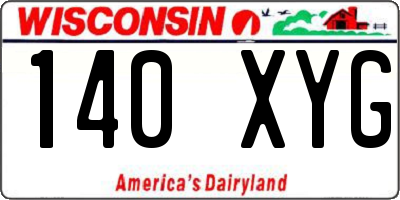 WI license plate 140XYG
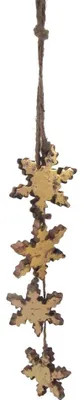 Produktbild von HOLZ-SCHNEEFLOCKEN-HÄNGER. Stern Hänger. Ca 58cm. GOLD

* * *

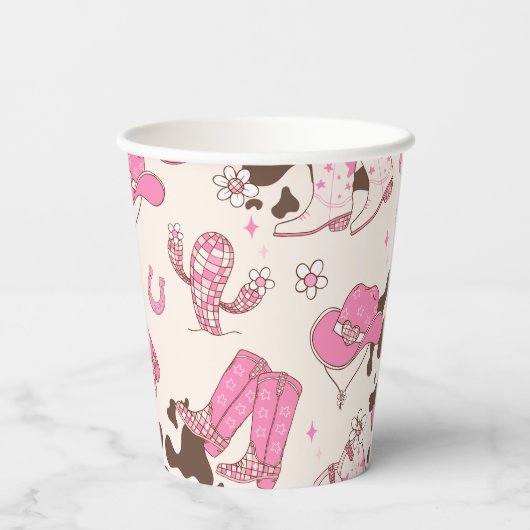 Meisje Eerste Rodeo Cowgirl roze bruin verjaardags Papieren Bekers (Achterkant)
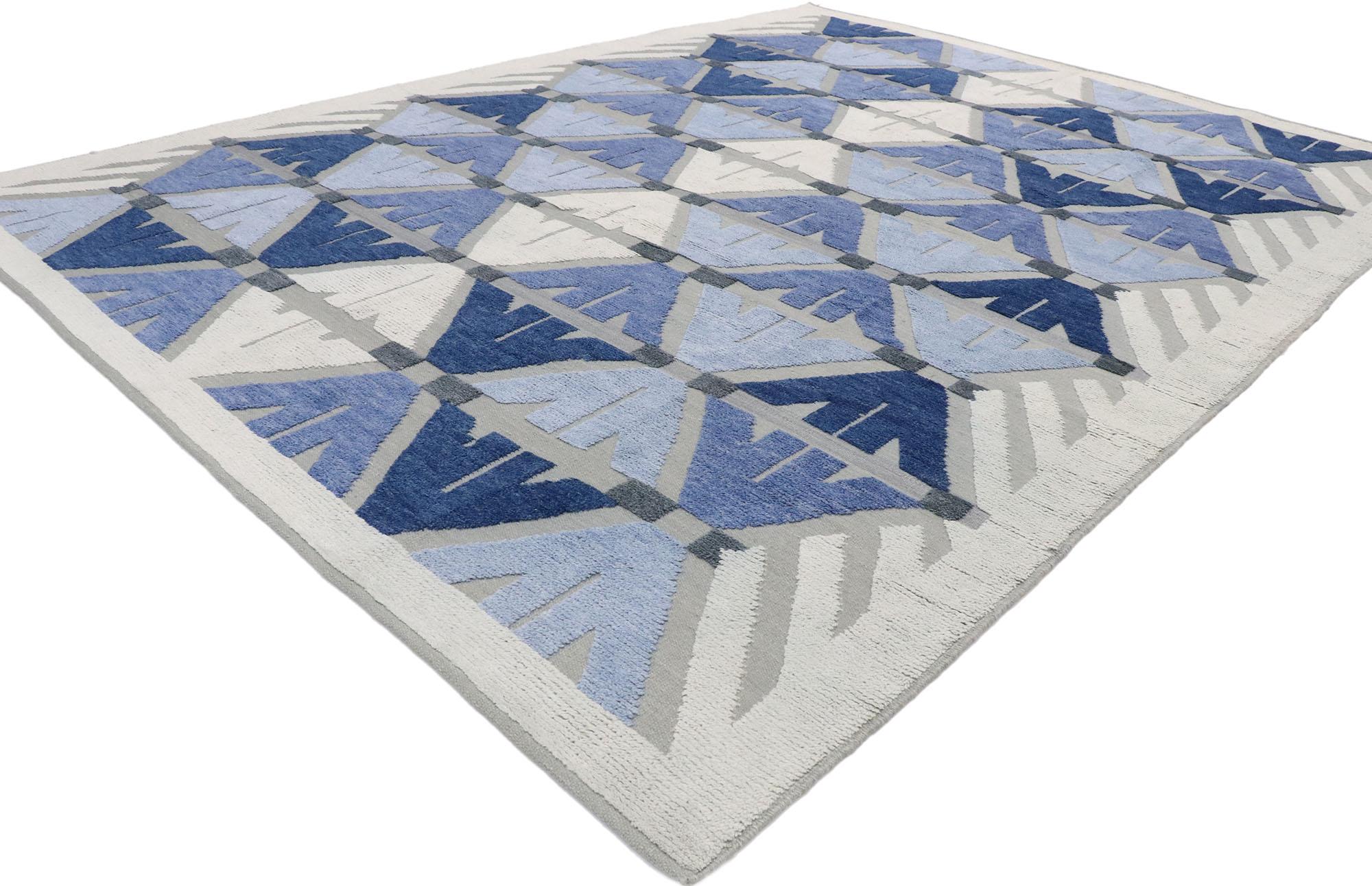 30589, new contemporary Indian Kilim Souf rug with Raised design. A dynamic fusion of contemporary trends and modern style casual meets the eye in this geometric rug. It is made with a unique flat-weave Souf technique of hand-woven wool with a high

▸ **Task directions**
In the data above, find the line containing "WI license plate 140XYG" and the line containing "Produktbild von HOLZ-SCHNEEFLOCKEN-HÄNGER.". Repeat those two lines and everything between them exactly, minus the pictures.

▸ **Exercise solution**
 WI license plate 140XYG
 Produktbild von HOLZ-SCHNEEFLOCKEN-HÄNGER. Stern Hänger. Ca 58cm. GOLD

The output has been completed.